BEGIN TASK MATERIAL

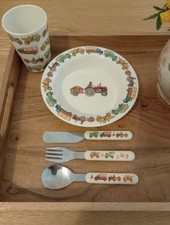 Emma Bridgewater Men at Work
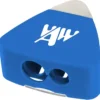 Triad Eraser & Pencil Sharpener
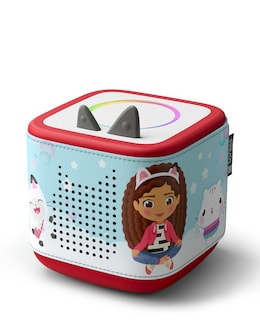 Tonies Gabby's Dollhouse Toniebox 2 Sleeve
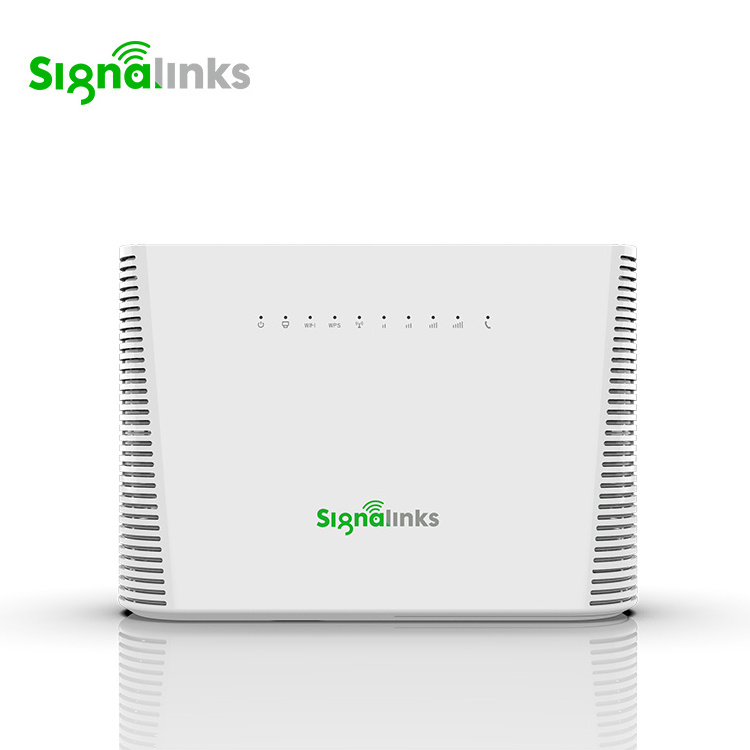 Signalinks  PIX LINK 300Mbps wireless LTE 4G router ADSL2+MODEM wifi router 5g sim card modem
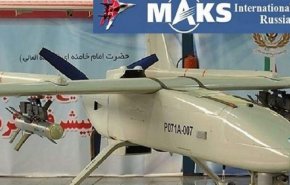 السفير جلالي: ايران تشارك بقوة في معرض ماكس 2021 الروسي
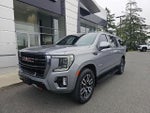 2024 GMC Yukon XL AT4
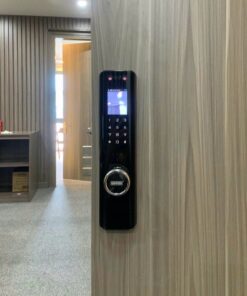 Khóa điện tử cửa gỗ GIOVANI GSL-A9S Khoa dien tu cua go 22 Giovani GSL – A9S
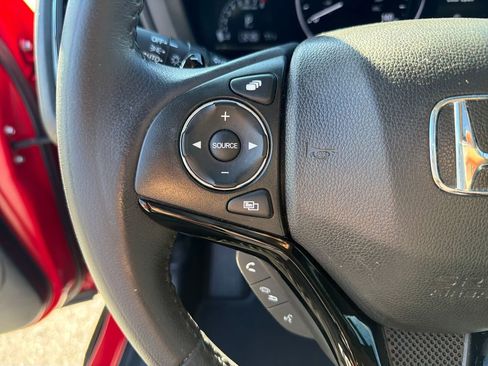 Used 2019 Honda HR-V EX-L image 27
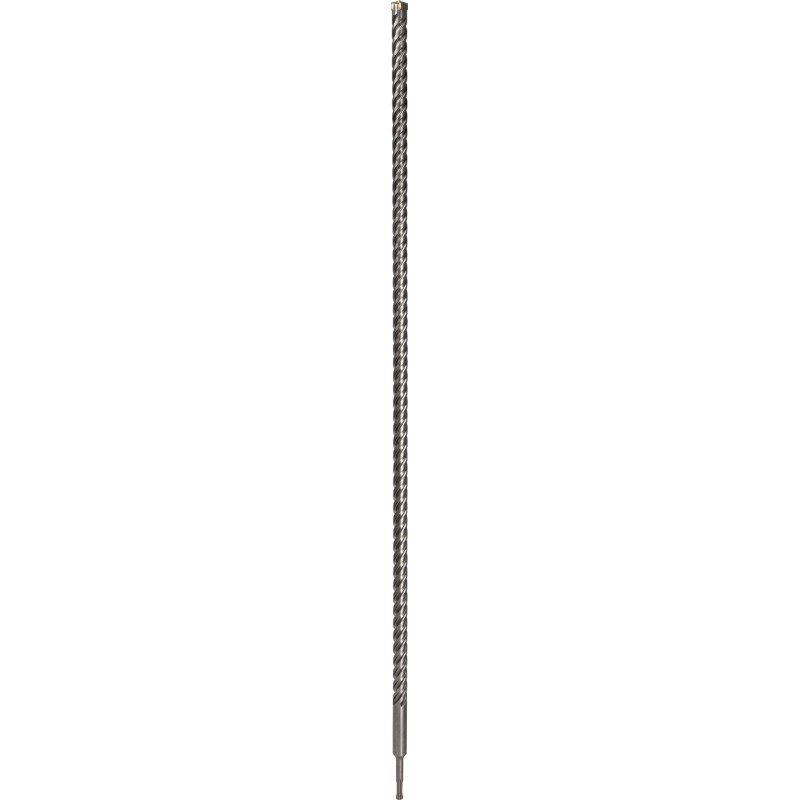 Wiertło do betonu 22.0 x 260 mm, końcówka krzyżowa, uchwyt SDS-plus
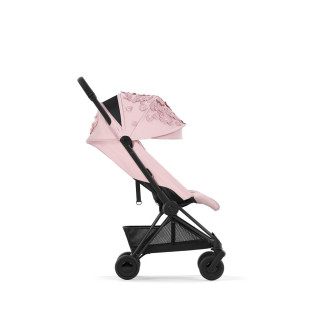 Cybex navlaka za kolica Coya,Simply Flowers Pink
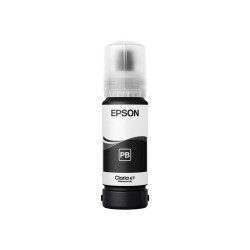 Tinteiro Original Epson 114 Preto C13T07A140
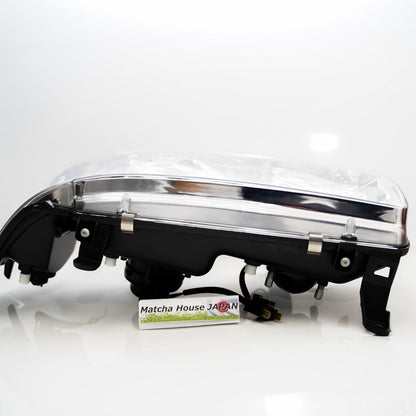 Land Cruiser RHD 80 FJ80G FZJ80G HDJ81V HZJ81V LED Headlight Rh & Lh lights Lamp - Image 13
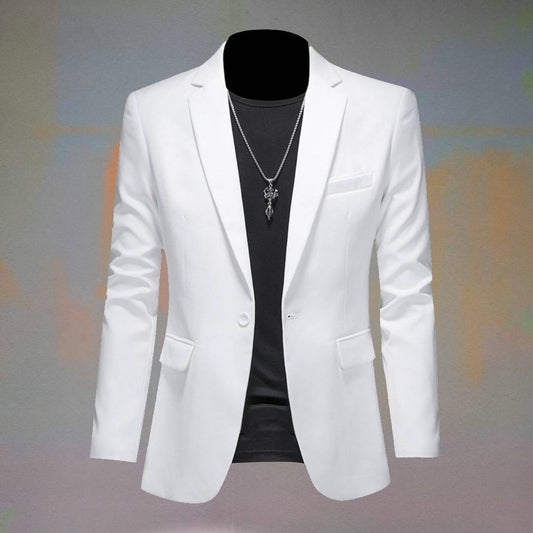 NORDIN™ | GIACCA CASUAL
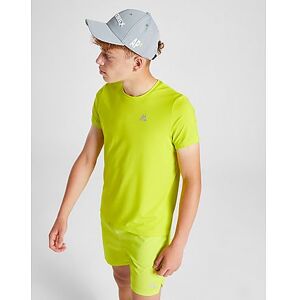 MONTIREX Speed T-Shirt Junior, Green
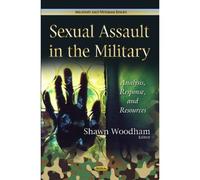 Sexual Assault In The Military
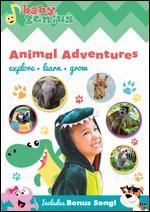 Baby Genius: Animal Adventures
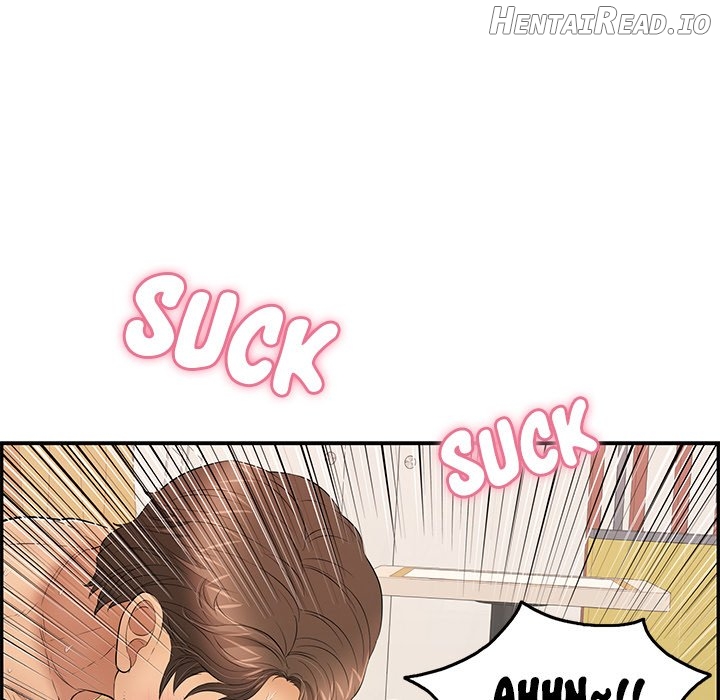 A Killer Woman Chapter 54 - page 137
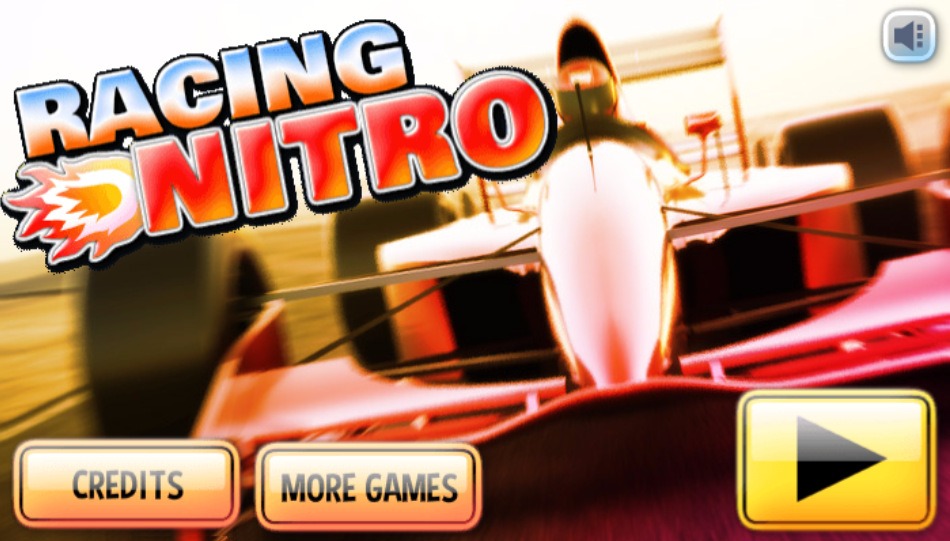 game racing nitro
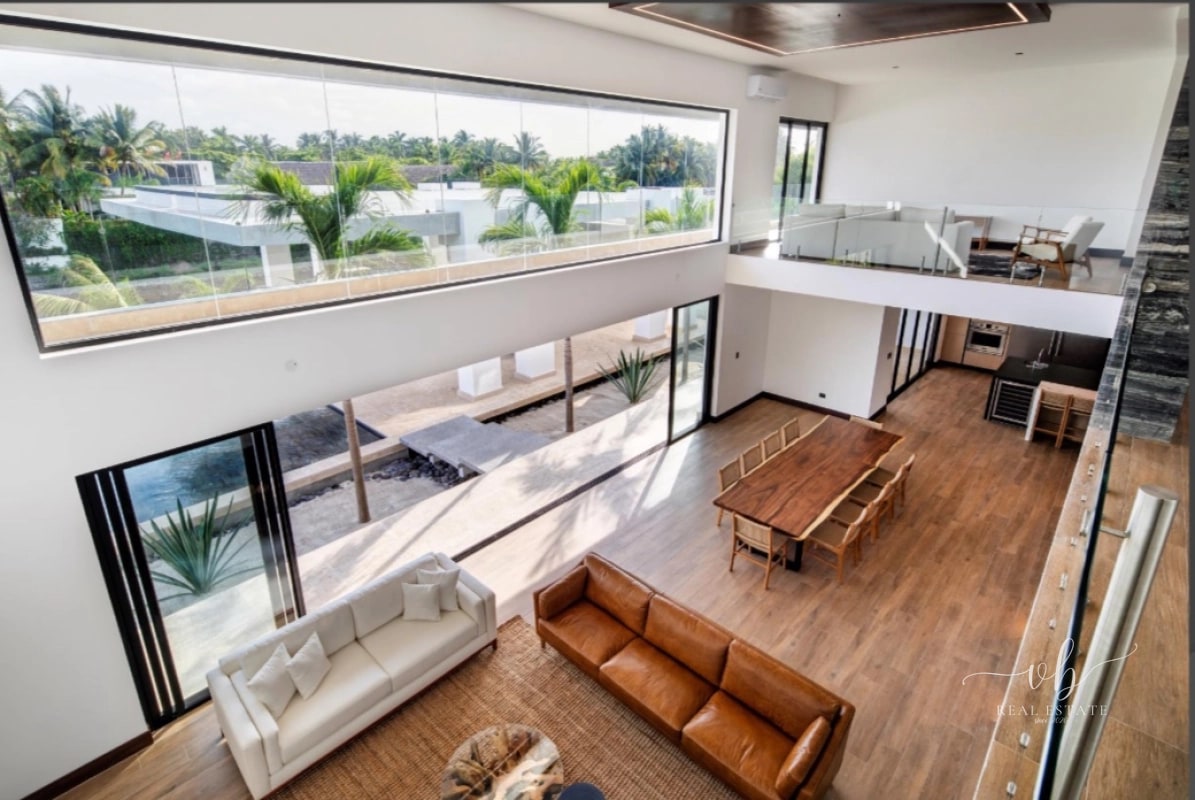 Casa de playa en venta - Marina del Sur (canal) - 3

END TASK MATERIAL

PROBLEM: The whole listing above should be restated word for word, minus any images.

OUTPUT FOR THIS TASK:
 Emma Bridgewater Men at Work
 Triad Eraser & Pencil Sharpener
 Tonies Gabby's Dollhouse Toniebox 2 Sleeve
 Signalinks  PIX LINK 300Mbps wireless LTE 4G router ADSL2+MODEM wifi router 5g sim card modem
 السفير جلالي: ايران تشارك بقوة في معرض ماكس 2021 الروسي
 2024 GMC Yukon XL AT4
 Khóa điện tử cửa gỗ GIOVANI GSL-A9S Khoa dien tu cua go 22 Giovani GSL – A9S
 Used 2019 Honda HR-V EX-L image 27
 Wiertło do betonu 22.0 x 260 mm, końcówka krzyżowa, uchwyt SDS-plus
 Cybex navlaka za kolica Coya,Simply Flowers Pink
 Tinteiro Original Epson 114 Preto C13T07A140
 Land Cruiser RHD 80 FJ80G FZJ80G HDJ81V HZJ81V LED Headlight Rh & Lh lights Lamp - Image 13
 NORDIN™ | GIACCA CASUAL
 MONTIREX Speed T-Shirt Junior, Green
 Sexual Assault In The Military
 Baby Genius: Animal Adventures
 A Killer Woman Chapter 54 - page 137
 game racing nitro
 Casa de playa en venta - Marina del Sur (canal) - 3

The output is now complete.